Below are the ones that most caught our attention:

1969 L88 Convertible
Lot S156.1

1969 L88 Convertible

We have to start with the cream of this sale’s crop; a 1969 L88 Convertible. Of the 38,762 Corvette customers in the year that man first walked on the moon, just 116 opted for the ultimate 427 in, what would be its last year of production. This one wears stunning Fathom Green paint over its matching green interior and comes with a black soft top and a removable hardtop. Interestingly, upon delivery, the first owner took his new, race-ready machine on a 6,000-mile round trip to Alaska from his home in Michigan. The high-strung motor must have proved to be the wrong tool for his touring needs as he immediately sold it upon his return. The second owner briefly used the car for what it was built to do, slay quarter miles. After its drag racing career ended, it went into storage for several years and was picked up by its third caretaker in 1986. It underwent a restoration that was completed in 1988. That was the first time that it participated in the Bloomington Gold Special Collection; it would return 20 years later in 2008.

C1 Fuelies
Lot S137 | Lot S166

1959 Corvette Fuelie

These two first generation Corvettes politely ask that I pump the brakes on crowning the L88 the most desirable ‘Vette in the auction. S137 is an NCRS Top Flight award-winning 1959 283/290 HP fuelie presented in the impeccable combination of Frost Blue over Red. Originally ordered to compete in SCCA B-Production racing, this knockout takes its performance serious. Besides the top-tier version of the 283 (one of just 745 ’59 Corvettes so equipped), other performance options selected include positraction, metallic brakes (one of 333 with this option), a 4-speed manual transmission, an auxiliary hardtop and radio delete.

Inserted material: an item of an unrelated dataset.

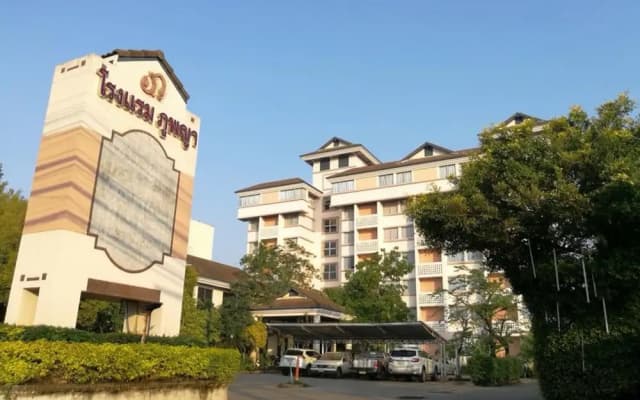 Phuphaya Hotel Pakchong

Lot S166 comes from the final year of C1 production and raises the stakes even further as one of just 246 Big Brake Fuelies produced in 1962. Previously owned by an NCRS judge, this car is flawless and has the awards to prove it. It is a Triple Crown Winner meaning that it is Bloomington Gold Certified, NCRS Top Flight awarded, and the recipient of the Gold spinner Award. Its 327 is also the top-dog for its vintage, putting out 360 rabid horses. A 4-speed manual transmission and 4.11 positraction add to the cars intensity which can only be corralled by RPO 687, heavy-duty brakes and steering. These two C1’s should bring big money when the gavel falls for each of them on Saturday.

Replica Racers
Lot S104 | Lot S116

1963 Corvette Grand Sport Replica

Saturday will also see the sale of two famous Corvette race car replicas. The first of these is a maroon C2 that has been convincingly made to look like one of the priceless 1963 Grand Sports. It features an LS-based 383 matched with a 6-speed manual and 4.10 gears. It also has some nice, very un-Grand Sporty features thrown in like Air Conditioning, power steering, and power brakes. Sounds like it would be a blast from behind the polished wood steering wheel and unlike a real example, you wouldn’t have to worry about putting some miles on this car.

Next is a tribute to the Sebring Class-Winning SR1 prototype driven by John Fitch and Walt Hansgen, known around Corvette circles as The Real McCoy. It features several period-correct features such as high-rate shortened front coil springs, Halibrand pin-drive wheels, and a 265 cubic inh V8 with two 4-barrel carburetors under the Polo White and Blue shell. The real “Real McCoy” sold at Mecum’s 2014 Kissimmee auction for a whopping $2.3 Million; this car gives an enthusiast a chance to get the next best thing for pennies on the dollar.

C3 LT1 Coupe and Convertible
Lot F6 | Lot F8

LT1 Corvette

Lots F6 and F8 showcase the legendary 350ci LT1 V8. F6 is a beautiful and unrestored Classic White over Red vinyl 1972 that has an NCRS Top Flight award to its name. Just 1,741 LT1s were produced in ’72 and this T-Topped example has proven difficult for owners to part with. The seller has had the car since 1994 when it was purchased from the person who had been keeping it running since 1977. This 71,275 original mile survivor comes with its Protect-O-Plate and owner’s manual.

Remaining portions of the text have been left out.